2018/06/15
アウトドア防災ガイド あんどうりすの『防災・減災りす便り』
まだ発見されていないお子様たちが番号で呼ばれてしまうのだということに、判例文とはそういうものとわかっていても、個人的には、どうにもやりきれない気持ちになってしまいます。
「交流会館」は地図でみていただくと大川小学校のすぐ隣ですね。学校からそれだけの距離しか移動できてないのです。先頭のお子さんが避難開始から移動した距離は150m、津波から避難した時間はたったの1分です。14時46分の地震発生から津波到達の15時37分までの時間は51分でした。
ここで地裁判決は、「地震及び津波に関する一般的知見」としてこんなことも書いています。津波防災を学ぶ人は誰でも知っておくべき内容です。
津波の水位が人の膝を超えると,歩行速度が低下して移動の自由が奪われ,1mの水位で人命に確実に影響するようになり,2m程度以上では確実に死者が発生し,増加する。物的被害としては,津波の高さ1mで木造家屋の部分破壊が起こり,2m程度以上で木造家屋に全面破壊をもたらし,3mを超えると急激に被害率が上がり,極めて重大な災害が発生するおそれがあるとされる。津波から身を守るには,避難が唯一の方法である。
ところで大川小学校は海から3.8kmあります。判例では以下の事実をもって過失を認定したわけではないのですが、こんな事にも言及しています
また、以下もこれをもって過失認定したわけではないのですが、当時のハザードマップの記載について具体的に紹介しています。
大川小学校のハザードマップでは津波浸水域として浸水の着色はされていませんでした。
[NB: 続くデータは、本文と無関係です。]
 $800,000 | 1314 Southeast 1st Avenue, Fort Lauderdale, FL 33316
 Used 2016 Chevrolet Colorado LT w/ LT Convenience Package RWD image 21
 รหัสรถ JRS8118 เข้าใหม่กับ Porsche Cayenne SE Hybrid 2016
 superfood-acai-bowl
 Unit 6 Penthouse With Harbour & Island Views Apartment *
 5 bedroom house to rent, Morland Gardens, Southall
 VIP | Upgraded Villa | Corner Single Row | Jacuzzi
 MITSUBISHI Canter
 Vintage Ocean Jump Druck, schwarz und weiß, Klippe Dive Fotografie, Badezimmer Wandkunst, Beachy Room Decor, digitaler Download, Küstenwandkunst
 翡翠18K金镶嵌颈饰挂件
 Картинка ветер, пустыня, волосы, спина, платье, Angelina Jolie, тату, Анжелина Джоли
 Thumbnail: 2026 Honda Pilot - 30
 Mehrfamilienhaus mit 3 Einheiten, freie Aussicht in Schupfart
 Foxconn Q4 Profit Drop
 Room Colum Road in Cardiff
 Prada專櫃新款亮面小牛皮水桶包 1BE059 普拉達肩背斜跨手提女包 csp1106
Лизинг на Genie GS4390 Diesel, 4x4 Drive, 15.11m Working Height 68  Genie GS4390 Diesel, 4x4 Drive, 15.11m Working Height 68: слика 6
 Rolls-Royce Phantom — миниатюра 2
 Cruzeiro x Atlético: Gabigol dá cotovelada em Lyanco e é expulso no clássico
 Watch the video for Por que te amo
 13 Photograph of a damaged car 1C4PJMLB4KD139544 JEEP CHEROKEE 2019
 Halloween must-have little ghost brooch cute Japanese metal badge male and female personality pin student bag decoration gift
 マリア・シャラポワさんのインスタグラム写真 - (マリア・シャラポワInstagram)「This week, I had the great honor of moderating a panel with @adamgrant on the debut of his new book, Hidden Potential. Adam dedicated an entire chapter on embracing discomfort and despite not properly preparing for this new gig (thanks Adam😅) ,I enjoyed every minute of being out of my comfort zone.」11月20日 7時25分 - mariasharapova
でも、注意書きではなく本文中に、「浸水の着色の無い地域でも,状況によって浸水するおそれがありますので,注意してください。津波に対してはできるだけ早く安全な高台に避難することが大切です」とは書かれていたのですね。
何度も言いますが、この事実をもって過失認定されたわけでないのです。そして後だから言えることなのではありますが、大人がこのハザードマップをもっと深く読み、考えていられたらなと悔しい気持ちになります。さらに、これまた、過失認定に使われた事実ではありませんが、このような記載があります。
平成22年8月4日開催の上記研修会は,石巻市総務部防災対策課のH危機管理監を講師とする「児童生徒の安全確保・文教対策」との演題での講話を内容として行われ,大川小学校から,D教頭,E教諭外1名が参加した。
この部分、防災を人に伝えている身としては、震災前にどのような防災講座が実施されていたか気になるところです。
上記、プロアクティブの原則の部分は、今読むと胸が痛みます。「疑わしいときは行動せよ,最悪の事態を想定して行動 (決心)せよ,空振りは許されるが見逃しは許されない」ということを亡くなられたD教頭と生存されたE教諭は聞かれていたのですね。